At home, we unloaded the groceries, I put them away, put the bread in the oven to bake, and then I worked on getting our Shabbat meal together. When it was ready, the guys joined me. JJ protested that it was too hot in the kitchen, but I reassured everyone that I had a fan out there. We eat in the kitchen because we don’t have a dining room anymore. Our dining room and living room is one L-shaped room and a few years ago I turned the dining room into a study area with a desk and bookshelves. We need room for books more than we need a dining room. Duh. Anyway, I hadn’t thought that once I lit the Shabbat candles, I had to turn off the fan so it wouldn’t blow out the flames. With the heat built up from the dehydrator and the oven, and with the hot, humid weather outside, it was sweltering in the kitchen. JJ said that he wasn’t all that hungry so once the blessings were said, he escaped to the air-conditioned living room. He is exceptionally tired today because he didn’t sleep well last night. He had nightmares, including one about being in Indianapolis after his surgery. EJ and I bravely endured the hot kitchen and sat at the beautifully set Shabbat table.

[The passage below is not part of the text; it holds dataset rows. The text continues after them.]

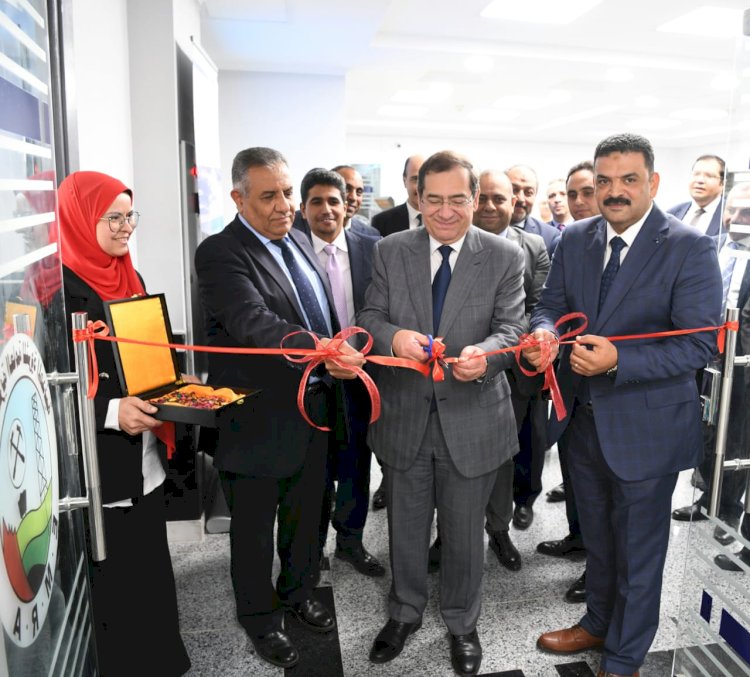 وزير البترول يتابع انشاء المحطة الرقمية الموحدة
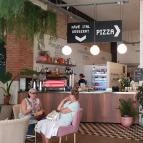 Pizza, Kávé, Világbéke Miskolc - Belső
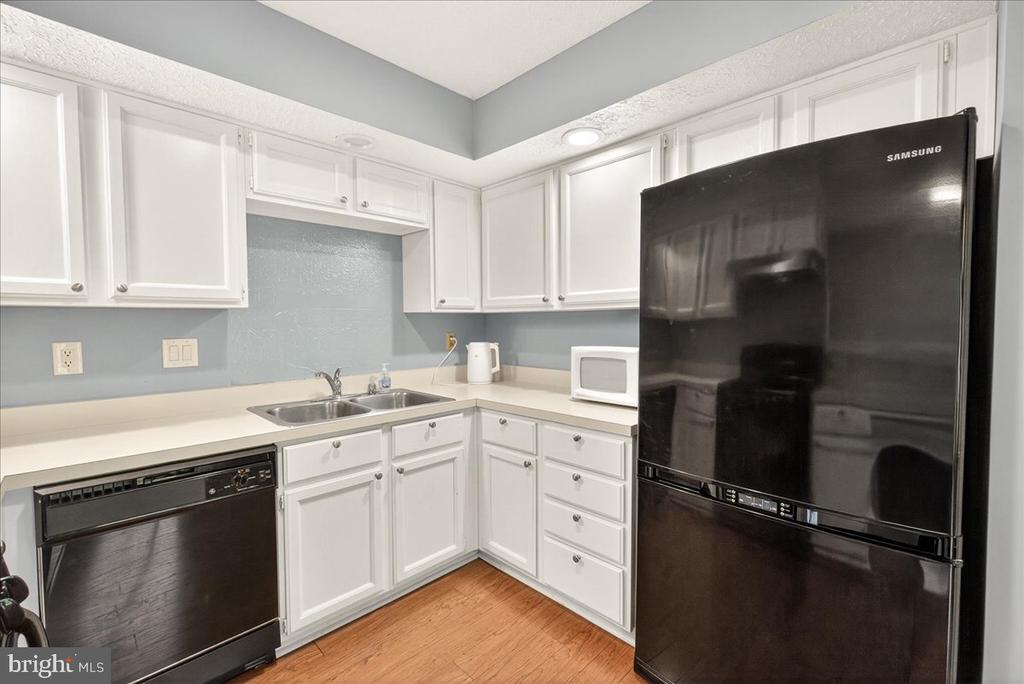 5534 FOXHALL COURT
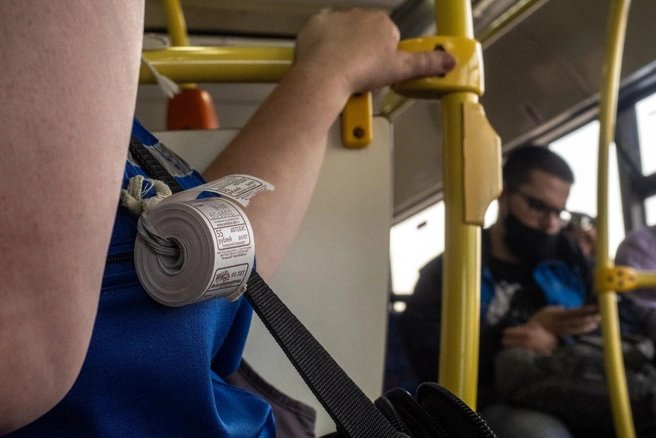 В Узбекистане опровергли сообщения о штрафах за оплату проезда в автобусе наличными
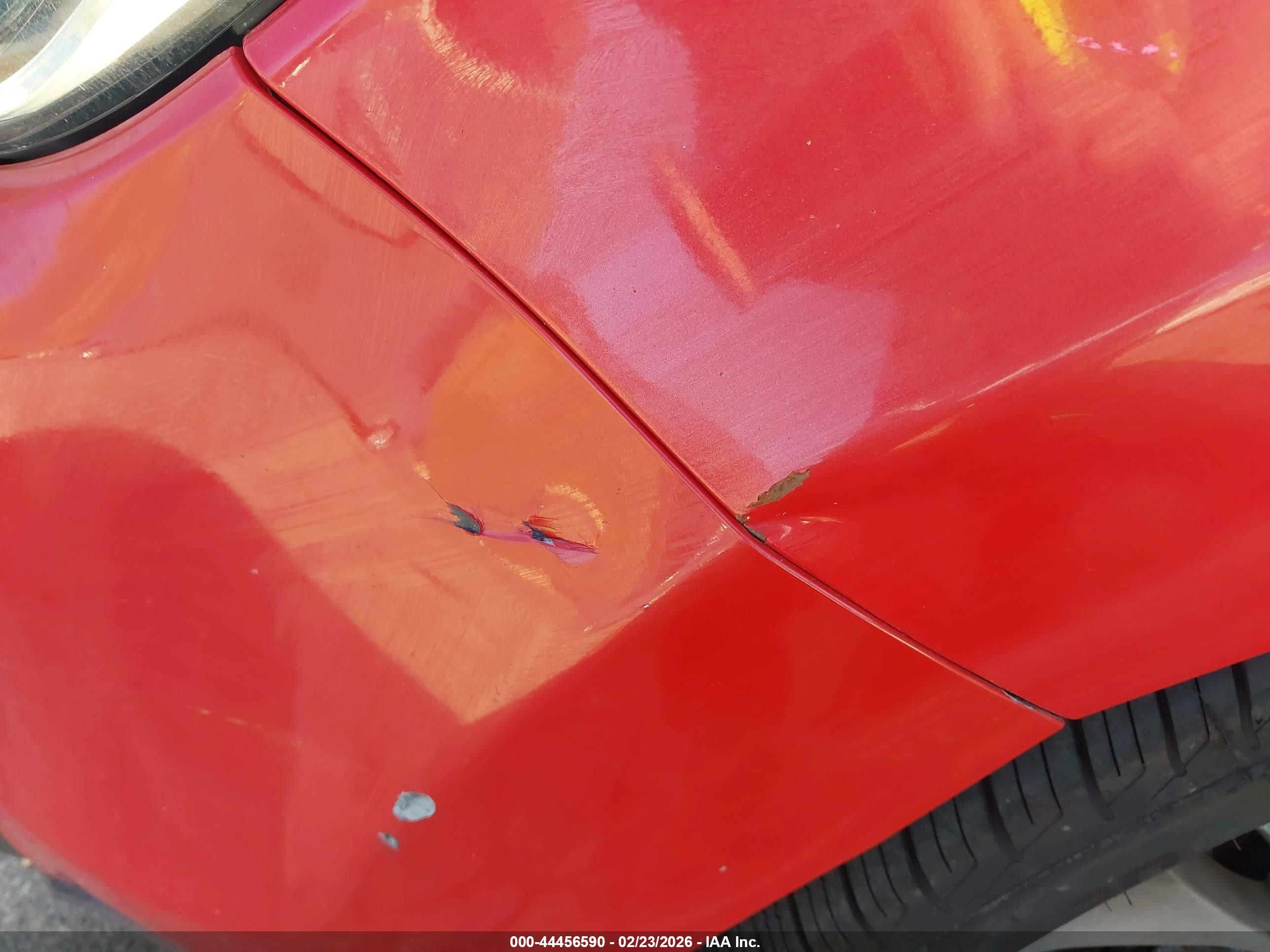 2015 Kia Soul + Red vin: KNDJP3A54F7761819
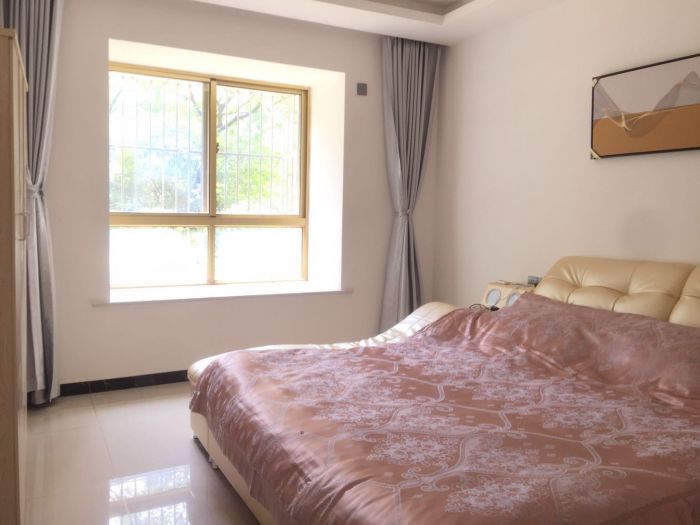 尚海湾 4室2厅2卫 173.00m&sup2;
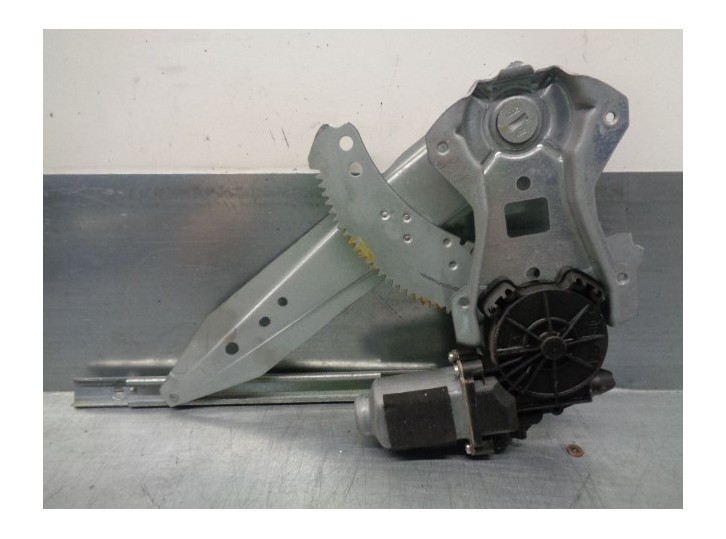 Recambio de elevalunas trasero izquierdo para nissan note (e11e) acenta referencia OEM IAM 827019U00B 2 PINES 5 PUERTAS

After EJ left for work, I planned to do dishes, but Danny danced around to tell me that he wanted his walk NOW. Because this morning was busy, EJ and I didn’t take him for a walk. So I gave in to Danny’s pleas and we went for our walk right away. It is so very, very humid today that it feels like a tropical jungle. I melted so much on the walk that it’s amazing that any of me made it home. Danny, however, was content.
The coolness of the living room was awesome, but I had to work most of the afternoon in the sweltering kitchen. Every time I thought I was done, I remembered another thing I had to do. I decided not to dry any more herbs today because of the heat. Even so, by the time I could escape the kitchen at about 4 p.m., I was soaked with sweat. I would be unable to endure this humidity except that I know it won’t be long before the heat is gone and the chilly autumn days arrive. I feel compassion for EJ who works in a hot factory.